Bonaire is sterk afhankelijk van geïmporteerd voedsel, maar op het terrein van LVV (Landbouw, Veeteelt en Visserij) groeit een kleinschalige beweging van boeren, startende ondernemers en deskundigen die het eiland minder afhankelijk willen maken. Maurice Adriaens, die formeel beleids- en projecthoofd bij de overheid is en tijdelijk de LVV-coördinatie op zich neemt, leidt deze ontwikkeling. Sinds hij in 2020 bij LVV begon, zet hij in op professionalisering, kennisoverdracht en het scheppen van praktische mogelijkheden voor nieuwe producenten.

Op het LVV-terrein zijn inmiddels groente- en fruitkwekers, bijenhouders, een compostbedrijf en een kleine veehouderij gevestigd. Cruciaal is dat ondernemers hier wél toegang krijgen tot bruikbare grond en zoet water: buiten het terrein is de ondergrond van koraal en ontbreekt goed grondwater, terwijl op het terrein onder meer een eigen waterzuivering is. Voor startende initiatieven zoals Nature Cooking School van Saeed Lourens biedt het terrein ruimte en lagere kosten; geitenhouder Eric Curiel kon er snel een bedrijf opzetten en verkoopt verse eieren direct aan bewoners en toeristen.

De groei blijft echter traag. In april 2024 waren er vijf actieve bedrijven op het terrein met de ambitie om naar tien te gaan, maar anderhalf jaar later is het aantal nog steeds vijf. Adriaens wijt dat vooral aan bureaucratische vertragingen: ongeveer veertien ondernemingen zitten in de startfase maar wachten op kavelvergunningen.

Een belangrijk aandachtspunt is professionalisering. Adriaens benadrukt dat het niet alleen om machines en subsidies moet draaien, maar vooral om kennis: ondernemers moeten leren denken als ondernemers — van administratie en kostenbeheersing tot productdifferentiatie en verkoop. Zijn motto voor nieuwkomers is om niet in producten te denken (bijvoorbeeld een krop sla) maar in eindresultaten (een bord salade). LVV wil daarom uitgroeien tot kenniscentrum met langdurige begeleiding — wekelijkse coaching in plaats van korte cursussen — gericht op kleine boeren.

De traditionele geitenhouderij illustreert de problemen: hoewel zo’n tweehonderd mensen op het eiland geiten houden, kan bijna niemand er van leven. Het lokale ras is in kwaliteit achteruitgegaan; veel dieren zijn klein en taai. LVV importeert daarom rasbokken uit Aruba en Nederland en houdt op het terrein ongeveer negentig geiten, maar betrouwbare leveringen van goede kwaliteit blijken voor restaurants nog niet haalbaar door sterke variatie in leeftijd en smaak van de dieren.

Ook de volgende generatie staat centraal in Adriaens’ visie.
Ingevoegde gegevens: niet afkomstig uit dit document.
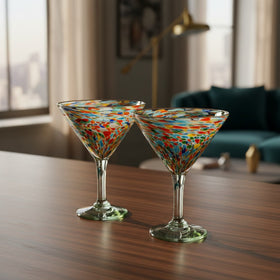 The Talavera Hub Confetti Pebbled Martini Glass, hand-blown recycled glass with colorful confetti pattern and clear rim.
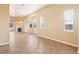 Bright and airy living room featuring tile floors, neutral paint, and large windows at 10765 Muscari Way, Las Vegas, NV 89141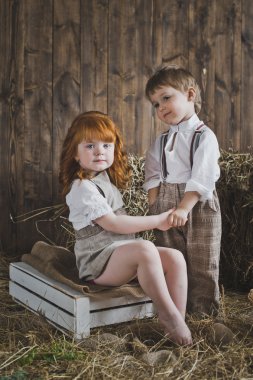 Ahşap duvarlar ve saman arka plan üzerinde elele çocuk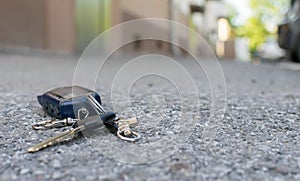 The lost keychain, car alarm remote, lies on the asphalted sidewalk of the road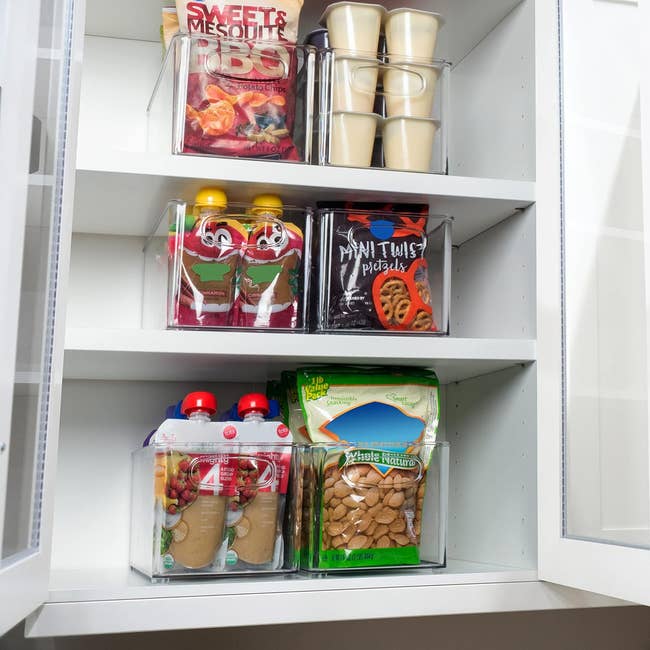 Shelves stocked with assorted snack items, including cookies, crackers, and candy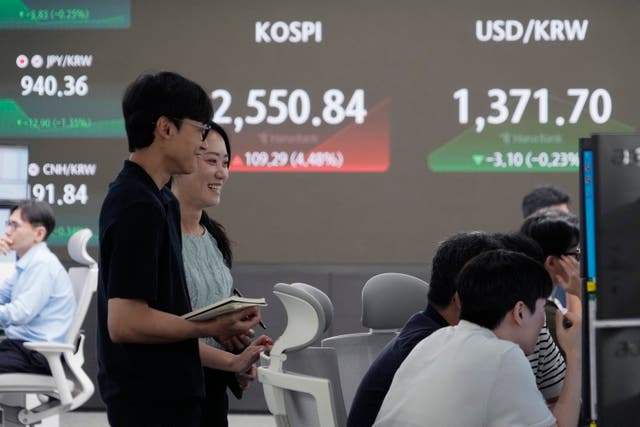 Currency traders watch monitors near a screen, back, showing the Korea Composite Stock Price Index in Seoul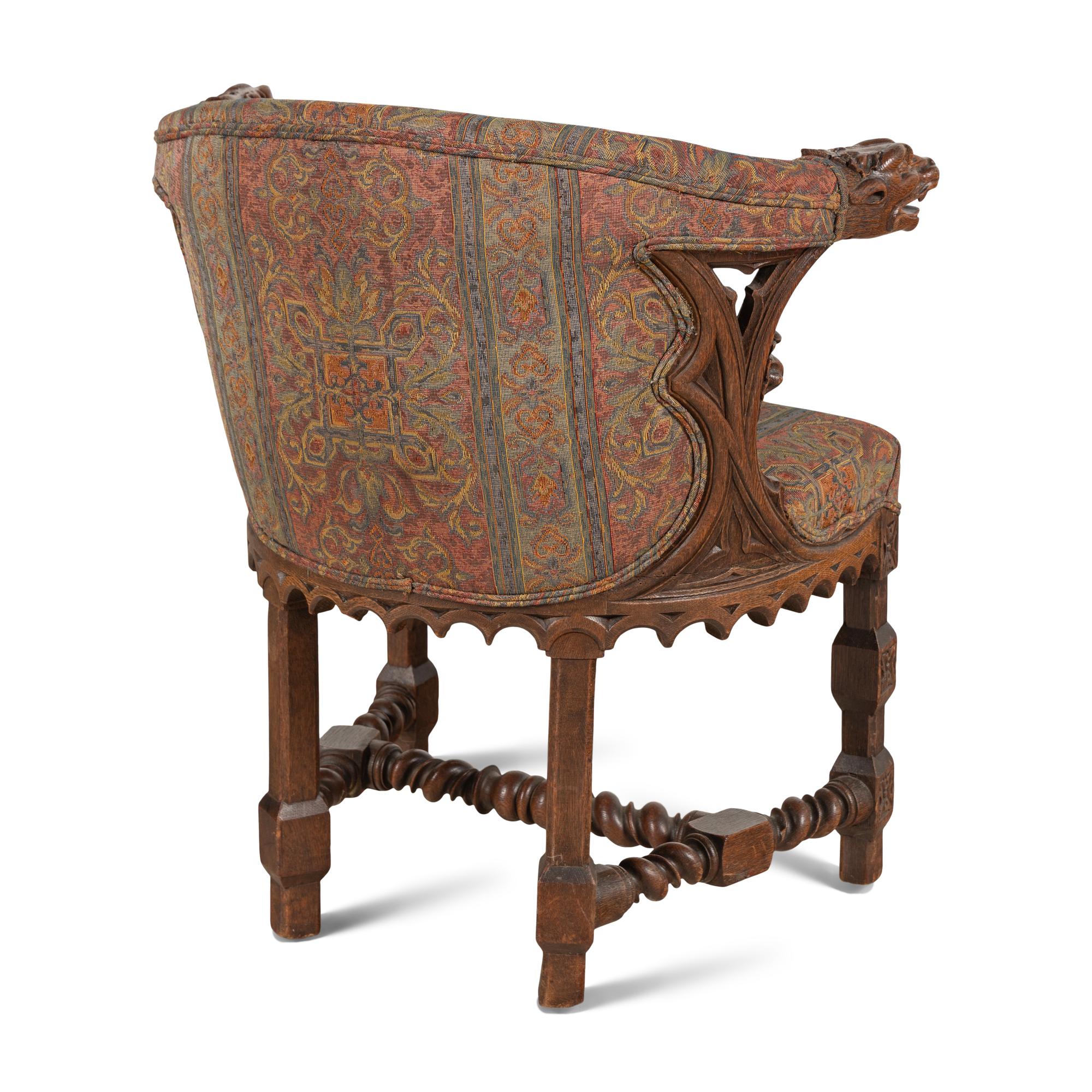 A French or Italian Gothic Revival Carved Oak Armchair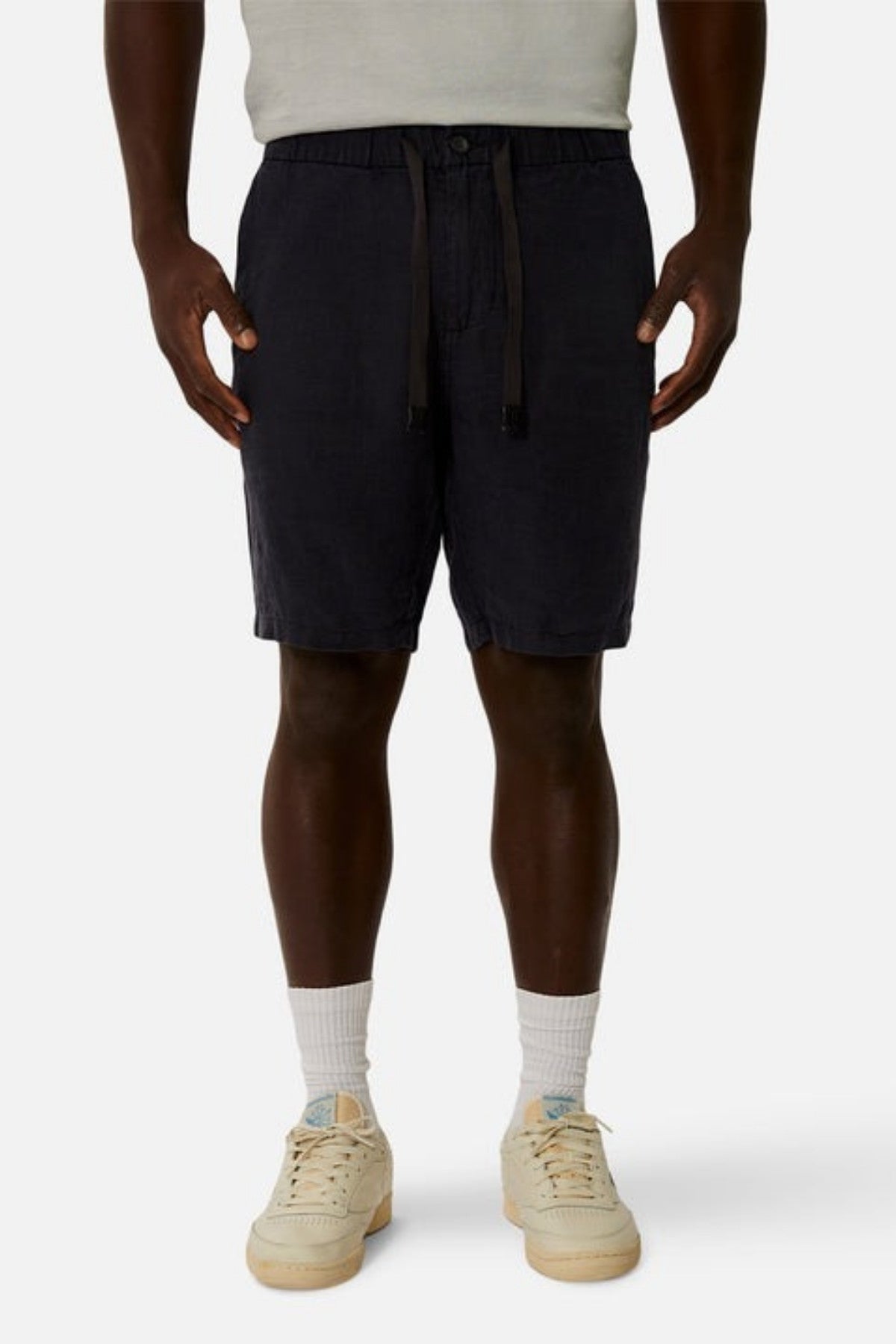 A person wearing a light gray shirt, Industrie The Baller Linen Short in dark blue with a drawstring waist and relaxed fit, and white socks with cream-colored sneakers featuring light blue accents stands against a plain background.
Jongeren kennen vaak alleen geïmporteerd voedsel en zoeken werk in kantoorbanen; schoolprojecten met kassen mislukten eerder door hoog verloop onder leraren. LVV start nu met een pilotschool om lokaal fruit en kennis terug te brengen — tamarinde, mispel en chumarucu zijn voorbeelden van soorten die hij wil herintroduceren, zodat kinderen weer ervaren waar voedsel vandaan komt.

De coronapandemie maakte de kwetsbaarheid van de voedselvoorziening zichtbaar; LVV leverde toen verse producten aan voedselbanken. Toch krijgt voedselzekerheid volgens Adriaens onvoldoende prioriteit bij bestuurders, terwijl Bonaire kwetsbaar is voor klimaatverandering en internationale schokken. Ondanks de uitdagingen gelooft hij dat het LVV-terrein kan uitgroeien tot een gemeenschapshub waar boeren groeien, kinderen leren en eilandbewoners weer dichter bij hun eigen voedsel komen. Zijn persoonlijke motivatie is duidelijk: “Landbouw is mijn hartstocht.”